Leggenda che ancora oggi è ampliamente diffusa e conosciuta e che colora di epicità la storia e le tradizioni della Cina.
Riferendosi a questo episodio leggendario Chang Cheh dirige un lavoro per la Shaw Brothers che costituisce il tipico paradigma dei film sulle arti marziali prodotti negli anni 70.
I cinque fuggiaschi trovano asilo presso le varie comunità Han che si oppongono al potere manciù e organizzano la resistenza contro un potere imperiale straniero che si avvale di maestri di arti marziali quasi invincibili grazie alle loro tecniche; consci di ciò i maestri Shaolin tornano nelle rovine del Tempio per perfezionare le tecniche che gli permetteranno di affrontare i maestri mancesi con la speranza di sconfiggerli.
Il film, molto più "tecnico" di altri lavori di Cheh, si regge su innumerevoli combattimenti, ottimamente coreografati da Lui Chiai Liang in cui tutti gli artisti marziali presenti mostrano le loro straordinarie qualità, rimanendo alla base del lavoro il concetto della lealtà e della rettitudine dei cinesi contrapposta alla barbarie degli oppressori; per fare ciò Chang Cheh caratterizza in maniera estrema i personaggi, tutti scolpiti in maniera netta tracciando una linea netta tra bene e male, giustizia e sopraffazione e al tempo stesso mostra una varietà di tecniche di combattimento che appare quasi come un compendio audiovisivo delle arti marziali.
Film quindi più adatto a chi preferisce l'azione e gli spettacolari combattimenti, lasciando in disparte altre tematiche (niente romanticismi, niente melò) e soprattutto indicato a chi vuole vedere all'opera una serie di attori-artisti marziali straordinari, da Alexander Fu Sheng (l'unico che cerca di metterci qualche pizzico di ironia) a David Chiang, da Ti Lung a Chi Kuan Chiun da Meng Fei al perenne cattivo Wang Lung Wei.
Un film anche questo, seppur meno bello di altri di Cheh, da mandare a memoria per potere apprezzare bene il fenomeno dei film sul kung fu che costituì l'asse portante della cinematografia di Hong Kong degli anni 70-80.

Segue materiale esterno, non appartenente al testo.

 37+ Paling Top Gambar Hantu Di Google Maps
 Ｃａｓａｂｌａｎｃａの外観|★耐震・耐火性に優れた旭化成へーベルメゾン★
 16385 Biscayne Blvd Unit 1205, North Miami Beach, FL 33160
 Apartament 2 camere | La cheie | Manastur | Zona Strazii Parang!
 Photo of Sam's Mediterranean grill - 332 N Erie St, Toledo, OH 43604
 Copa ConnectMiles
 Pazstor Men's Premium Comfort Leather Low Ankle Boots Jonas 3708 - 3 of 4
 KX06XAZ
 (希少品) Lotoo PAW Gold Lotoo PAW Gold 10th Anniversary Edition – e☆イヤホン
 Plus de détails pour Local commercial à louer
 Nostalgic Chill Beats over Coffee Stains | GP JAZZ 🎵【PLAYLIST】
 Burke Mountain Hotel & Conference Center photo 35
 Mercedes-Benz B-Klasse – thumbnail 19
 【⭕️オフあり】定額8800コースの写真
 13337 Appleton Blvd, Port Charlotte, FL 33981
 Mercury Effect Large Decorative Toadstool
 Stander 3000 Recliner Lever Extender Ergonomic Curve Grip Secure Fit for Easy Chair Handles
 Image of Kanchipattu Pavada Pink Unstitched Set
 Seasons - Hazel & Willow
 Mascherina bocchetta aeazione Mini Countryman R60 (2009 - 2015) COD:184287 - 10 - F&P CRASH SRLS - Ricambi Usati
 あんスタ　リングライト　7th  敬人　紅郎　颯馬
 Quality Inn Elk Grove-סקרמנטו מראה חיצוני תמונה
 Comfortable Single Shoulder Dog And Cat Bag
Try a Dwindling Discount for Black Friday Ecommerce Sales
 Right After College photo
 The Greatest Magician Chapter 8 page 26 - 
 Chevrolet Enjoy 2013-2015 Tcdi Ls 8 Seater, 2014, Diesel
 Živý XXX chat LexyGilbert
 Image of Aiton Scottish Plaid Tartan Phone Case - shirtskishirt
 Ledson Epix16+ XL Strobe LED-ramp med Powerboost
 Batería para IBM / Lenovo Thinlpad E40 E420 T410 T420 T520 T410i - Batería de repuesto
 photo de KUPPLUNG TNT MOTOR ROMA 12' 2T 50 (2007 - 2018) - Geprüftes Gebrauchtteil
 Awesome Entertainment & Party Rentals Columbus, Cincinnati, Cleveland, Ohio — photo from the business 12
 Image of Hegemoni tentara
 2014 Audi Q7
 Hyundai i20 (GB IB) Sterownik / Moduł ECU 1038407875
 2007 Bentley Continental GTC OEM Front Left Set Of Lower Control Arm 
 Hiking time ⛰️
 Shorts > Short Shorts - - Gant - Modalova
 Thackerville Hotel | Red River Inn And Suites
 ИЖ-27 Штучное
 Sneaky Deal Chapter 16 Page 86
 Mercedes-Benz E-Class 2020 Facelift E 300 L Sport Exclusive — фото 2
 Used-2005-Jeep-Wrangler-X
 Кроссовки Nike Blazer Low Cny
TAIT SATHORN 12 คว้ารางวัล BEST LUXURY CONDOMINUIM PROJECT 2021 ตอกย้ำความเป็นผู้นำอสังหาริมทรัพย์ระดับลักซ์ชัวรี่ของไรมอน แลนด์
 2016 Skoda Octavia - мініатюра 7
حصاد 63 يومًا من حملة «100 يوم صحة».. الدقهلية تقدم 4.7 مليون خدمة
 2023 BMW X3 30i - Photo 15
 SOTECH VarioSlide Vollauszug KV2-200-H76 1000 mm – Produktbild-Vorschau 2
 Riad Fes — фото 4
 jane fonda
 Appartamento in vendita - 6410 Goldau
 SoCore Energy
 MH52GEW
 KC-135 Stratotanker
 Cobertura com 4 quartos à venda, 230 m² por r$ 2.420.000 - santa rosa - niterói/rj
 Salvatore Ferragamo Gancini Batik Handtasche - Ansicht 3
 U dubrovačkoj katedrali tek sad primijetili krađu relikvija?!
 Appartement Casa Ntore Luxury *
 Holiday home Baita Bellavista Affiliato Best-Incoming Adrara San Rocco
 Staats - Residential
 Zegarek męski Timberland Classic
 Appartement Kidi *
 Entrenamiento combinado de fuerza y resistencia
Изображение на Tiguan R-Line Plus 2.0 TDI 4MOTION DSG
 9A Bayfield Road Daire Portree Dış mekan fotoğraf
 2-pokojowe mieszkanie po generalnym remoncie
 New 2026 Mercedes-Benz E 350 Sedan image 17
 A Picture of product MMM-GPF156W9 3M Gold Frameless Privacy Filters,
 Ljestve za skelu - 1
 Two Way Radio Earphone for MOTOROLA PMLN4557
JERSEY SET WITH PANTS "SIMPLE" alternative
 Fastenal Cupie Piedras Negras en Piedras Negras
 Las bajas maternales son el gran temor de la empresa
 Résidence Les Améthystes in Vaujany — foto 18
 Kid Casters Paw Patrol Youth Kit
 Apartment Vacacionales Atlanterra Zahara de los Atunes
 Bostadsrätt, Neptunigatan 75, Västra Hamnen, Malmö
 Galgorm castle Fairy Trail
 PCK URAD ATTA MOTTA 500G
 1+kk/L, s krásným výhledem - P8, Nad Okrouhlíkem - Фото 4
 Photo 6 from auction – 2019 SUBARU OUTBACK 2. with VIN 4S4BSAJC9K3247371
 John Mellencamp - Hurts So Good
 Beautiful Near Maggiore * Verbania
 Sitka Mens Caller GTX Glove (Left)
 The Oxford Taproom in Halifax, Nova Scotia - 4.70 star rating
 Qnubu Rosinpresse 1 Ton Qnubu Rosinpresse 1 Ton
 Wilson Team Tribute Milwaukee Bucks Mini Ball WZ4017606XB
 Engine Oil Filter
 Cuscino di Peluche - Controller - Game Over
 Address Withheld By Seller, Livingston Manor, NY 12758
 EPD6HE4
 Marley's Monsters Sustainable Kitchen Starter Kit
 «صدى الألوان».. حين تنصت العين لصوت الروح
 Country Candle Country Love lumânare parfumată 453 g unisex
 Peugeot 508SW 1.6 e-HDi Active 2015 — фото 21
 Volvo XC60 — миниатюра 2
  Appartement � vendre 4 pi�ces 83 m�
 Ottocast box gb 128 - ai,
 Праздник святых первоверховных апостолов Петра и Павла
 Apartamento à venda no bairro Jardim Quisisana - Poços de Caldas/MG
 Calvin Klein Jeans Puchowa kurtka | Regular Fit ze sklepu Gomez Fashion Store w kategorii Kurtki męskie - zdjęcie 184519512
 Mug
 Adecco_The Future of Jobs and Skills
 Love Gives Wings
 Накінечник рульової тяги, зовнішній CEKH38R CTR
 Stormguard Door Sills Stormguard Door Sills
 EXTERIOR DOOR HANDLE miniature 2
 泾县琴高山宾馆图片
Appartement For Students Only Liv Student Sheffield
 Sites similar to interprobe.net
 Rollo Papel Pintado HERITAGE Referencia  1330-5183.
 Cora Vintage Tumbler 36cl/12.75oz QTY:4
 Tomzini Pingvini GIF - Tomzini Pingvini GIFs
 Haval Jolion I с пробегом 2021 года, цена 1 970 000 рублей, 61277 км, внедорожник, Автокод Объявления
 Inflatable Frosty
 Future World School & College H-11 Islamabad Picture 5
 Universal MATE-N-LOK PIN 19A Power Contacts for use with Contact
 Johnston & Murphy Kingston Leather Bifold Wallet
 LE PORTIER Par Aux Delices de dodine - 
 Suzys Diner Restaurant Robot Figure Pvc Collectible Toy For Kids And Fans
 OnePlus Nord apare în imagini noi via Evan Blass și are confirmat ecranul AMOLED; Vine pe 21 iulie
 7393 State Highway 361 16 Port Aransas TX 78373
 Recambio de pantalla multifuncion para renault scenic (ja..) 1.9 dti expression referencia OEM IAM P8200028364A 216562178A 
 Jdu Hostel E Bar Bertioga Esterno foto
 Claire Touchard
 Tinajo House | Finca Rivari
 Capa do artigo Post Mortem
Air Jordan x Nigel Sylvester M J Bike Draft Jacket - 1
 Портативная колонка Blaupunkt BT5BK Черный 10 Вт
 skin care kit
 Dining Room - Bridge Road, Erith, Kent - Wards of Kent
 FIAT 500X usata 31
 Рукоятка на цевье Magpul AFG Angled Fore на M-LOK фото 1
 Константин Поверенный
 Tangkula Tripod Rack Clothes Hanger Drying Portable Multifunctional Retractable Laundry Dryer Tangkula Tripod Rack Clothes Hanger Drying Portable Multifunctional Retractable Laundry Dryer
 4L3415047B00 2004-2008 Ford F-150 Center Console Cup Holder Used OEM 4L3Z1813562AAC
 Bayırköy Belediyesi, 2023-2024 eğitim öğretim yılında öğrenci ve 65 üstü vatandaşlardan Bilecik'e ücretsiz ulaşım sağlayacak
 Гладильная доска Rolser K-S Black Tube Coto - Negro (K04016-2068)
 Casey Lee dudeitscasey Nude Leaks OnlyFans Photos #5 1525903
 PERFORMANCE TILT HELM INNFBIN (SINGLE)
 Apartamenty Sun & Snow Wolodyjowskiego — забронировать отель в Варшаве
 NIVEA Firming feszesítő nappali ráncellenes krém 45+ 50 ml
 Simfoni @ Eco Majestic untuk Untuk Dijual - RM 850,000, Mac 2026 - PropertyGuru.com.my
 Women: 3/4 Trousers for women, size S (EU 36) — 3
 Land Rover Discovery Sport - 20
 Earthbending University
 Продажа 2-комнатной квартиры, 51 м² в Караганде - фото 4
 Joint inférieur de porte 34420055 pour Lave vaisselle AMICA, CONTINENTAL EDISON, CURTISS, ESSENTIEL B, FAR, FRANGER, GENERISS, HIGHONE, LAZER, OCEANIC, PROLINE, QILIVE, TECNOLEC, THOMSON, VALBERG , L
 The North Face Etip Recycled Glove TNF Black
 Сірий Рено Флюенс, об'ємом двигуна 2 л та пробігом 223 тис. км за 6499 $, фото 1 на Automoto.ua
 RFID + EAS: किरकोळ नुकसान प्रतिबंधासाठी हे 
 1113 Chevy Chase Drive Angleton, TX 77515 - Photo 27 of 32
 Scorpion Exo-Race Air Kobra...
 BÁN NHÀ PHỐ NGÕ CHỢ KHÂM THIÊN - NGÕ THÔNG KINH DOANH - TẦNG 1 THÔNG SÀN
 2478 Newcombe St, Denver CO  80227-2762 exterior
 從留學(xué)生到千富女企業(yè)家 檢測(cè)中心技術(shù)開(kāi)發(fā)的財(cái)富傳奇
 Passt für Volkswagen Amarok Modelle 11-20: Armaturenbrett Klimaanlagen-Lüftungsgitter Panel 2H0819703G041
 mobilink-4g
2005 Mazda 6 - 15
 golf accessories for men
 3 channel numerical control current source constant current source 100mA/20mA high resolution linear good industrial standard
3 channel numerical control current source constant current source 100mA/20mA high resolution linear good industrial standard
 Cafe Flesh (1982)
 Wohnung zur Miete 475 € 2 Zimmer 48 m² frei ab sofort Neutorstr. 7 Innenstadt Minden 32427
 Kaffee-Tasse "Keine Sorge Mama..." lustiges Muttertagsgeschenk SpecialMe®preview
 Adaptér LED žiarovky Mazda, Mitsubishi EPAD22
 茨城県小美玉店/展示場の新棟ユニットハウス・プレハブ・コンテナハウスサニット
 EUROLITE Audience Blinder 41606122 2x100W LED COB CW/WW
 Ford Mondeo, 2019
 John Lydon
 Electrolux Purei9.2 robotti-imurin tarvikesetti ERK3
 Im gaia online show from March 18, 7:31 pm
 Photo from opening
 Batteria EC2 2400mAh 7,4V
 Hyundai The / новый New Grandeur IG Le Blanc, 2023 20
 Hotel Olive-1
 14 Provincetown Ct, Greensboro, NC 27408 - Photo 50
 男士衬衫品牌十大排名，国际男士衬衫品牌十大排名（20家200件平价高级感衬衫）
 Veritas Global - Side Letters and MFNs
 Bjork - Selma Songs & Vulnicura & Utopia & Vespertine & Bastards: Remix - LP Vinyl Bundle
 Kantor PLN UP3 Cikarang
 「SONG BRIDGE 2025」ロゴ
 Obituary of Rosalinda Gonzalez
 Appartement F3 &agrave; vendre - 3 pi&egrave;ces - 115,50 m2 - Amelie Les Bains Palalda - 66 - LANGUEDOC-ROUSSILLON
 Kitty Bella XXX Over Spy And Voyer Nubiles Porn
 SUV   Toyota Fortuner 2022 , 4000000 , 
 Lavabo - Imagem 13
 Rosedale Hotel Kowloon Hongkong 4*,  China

grandissimo cheh, questo film è un ulteriore esempio di quel cinema genuino, artigianale, che fece grande il cinema di honkong degli anni '70.
RispondiEliminaesatto Monsier, sta proprio nella genuinità e nella semplicità limpida il pregio di lavori come questo, oltre a risultare veramente un manuale molto ben fatto di tecnica.